**** Records provided ****
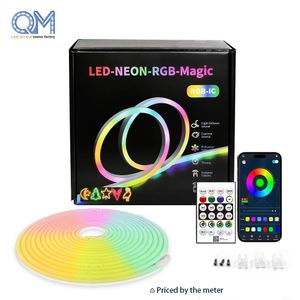 Bande lumineuse LED néon RGB USB 5V – Éclairage d'ambiance avec télécommande 10m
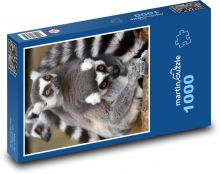 Zwierzę - lemur, ssak Puzzle 1000 elementów - 60x46 cm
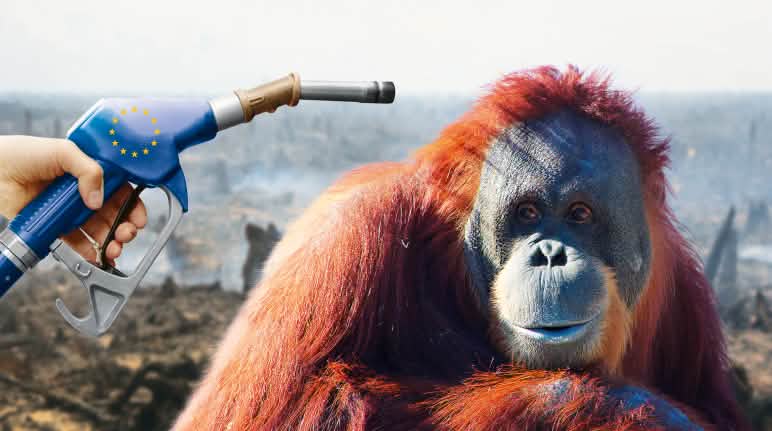 Around 60% of the palm oil consumed in EU countries is used as biofuel in motor vehicles and power plants Biofuel photomontage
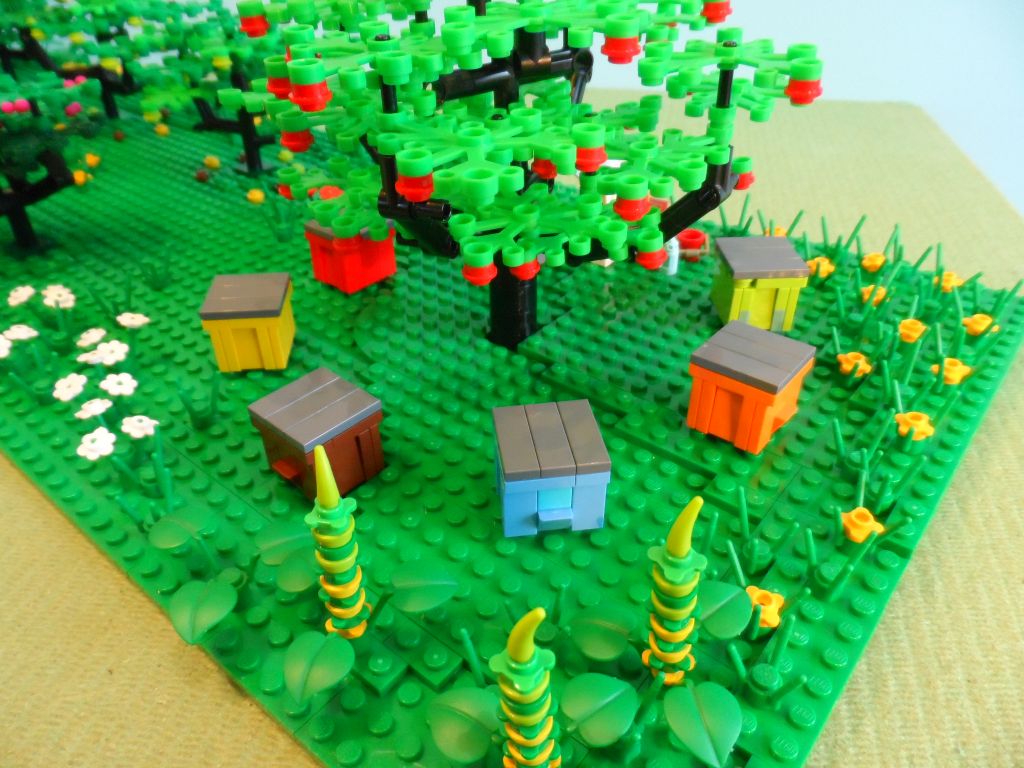 orchard_4.jpg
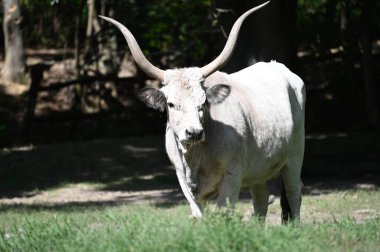 Güneşli bir günde hayvanat bahçesinde dinlenen tatlı bir öküz.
****
◆ **Directions for this task**
Your task is to print exactly the lines from the one containing "orchard_4.jpg" through the final line of the records above, with no pictures and nothing more.

◆ **Answer below**
 orchard_4.jpg
 Güneşli bir günde hayvanat bahçesinde dinlenen tatlı bir öküz.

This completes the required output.